**Record excerpts**:
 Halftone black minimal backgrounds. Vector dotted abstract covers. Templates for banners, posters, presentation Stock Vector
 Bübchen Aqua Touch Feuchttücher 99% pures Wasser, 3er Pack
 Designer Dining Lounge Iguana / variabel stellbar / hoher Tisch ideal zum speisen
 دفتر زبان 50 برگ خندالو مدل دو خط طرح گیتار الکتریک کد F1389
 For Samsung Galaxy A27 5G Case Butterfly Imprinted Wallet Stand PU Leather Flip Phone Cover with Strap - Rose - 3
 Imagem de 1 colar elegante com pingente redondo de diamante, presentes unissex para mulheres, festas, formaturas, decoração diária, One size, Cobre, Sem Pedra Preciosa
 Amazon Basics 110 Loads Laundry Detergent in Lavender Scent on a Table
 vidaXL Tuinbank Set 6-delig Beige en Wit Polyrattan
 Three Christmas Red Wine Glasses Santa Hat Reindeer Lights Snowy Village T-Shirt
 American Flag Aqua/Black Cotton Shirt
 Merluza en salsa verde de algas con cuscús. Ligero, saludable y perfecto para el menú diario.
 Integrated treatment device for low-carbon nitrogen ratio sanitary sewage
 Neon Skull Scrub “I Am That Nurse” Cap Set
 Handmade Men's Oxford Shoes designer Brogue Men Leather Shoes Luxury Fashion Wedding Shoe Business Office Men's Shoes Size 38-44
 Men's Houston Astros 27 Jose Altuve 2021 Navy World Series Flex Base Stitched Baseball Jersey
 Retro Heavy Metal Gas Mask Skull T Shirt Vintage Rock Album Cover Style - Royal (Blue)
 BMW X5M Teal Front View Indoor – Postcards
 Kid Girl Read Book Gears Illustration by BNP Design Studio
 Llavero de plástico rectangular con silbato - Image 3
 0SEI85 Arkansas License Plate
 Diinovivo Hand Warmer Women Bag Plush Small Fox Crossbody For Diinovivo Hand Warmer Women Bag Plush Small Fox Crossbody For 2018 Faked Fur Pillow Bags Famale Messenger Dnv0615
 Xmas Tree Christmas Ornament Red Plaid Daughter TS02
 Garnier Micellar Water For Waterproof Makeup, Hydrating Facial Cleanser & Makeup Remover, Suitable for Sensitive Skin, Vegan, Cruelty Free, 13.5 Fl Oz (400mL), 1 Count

**Exercise objective**: Beginning with the line that contains "Kid Girl Read", set down every line through the end of the data without change.

**Response to this task**:
 Kid Girl Read Book Gears Illustration by BNP Design Studio
 Llavero de plástico rectangular con silbato - Image 3
 0SEI85 Arkansas License Plate
 Diinovivo Hand Warmer Women Bag Plush Small Fox Crossbody For Diinovivo Hand Warmer Women Bag Plush Small Fox Crossbody For 2018 Faked Fur Pillow Bags Famale Messenger Dnv0615
 Xmas Tree Christmas Ornament Red Plaid Daughter TS02
 Garnier Micellar Water For Waterproof Makeup, Hydrating Facial Cleanser & Makeup Remover, Suitable for Sensitive Skin, Vegan, Cruelty Free, 13.5 Fl Oz (400mL), 1 Count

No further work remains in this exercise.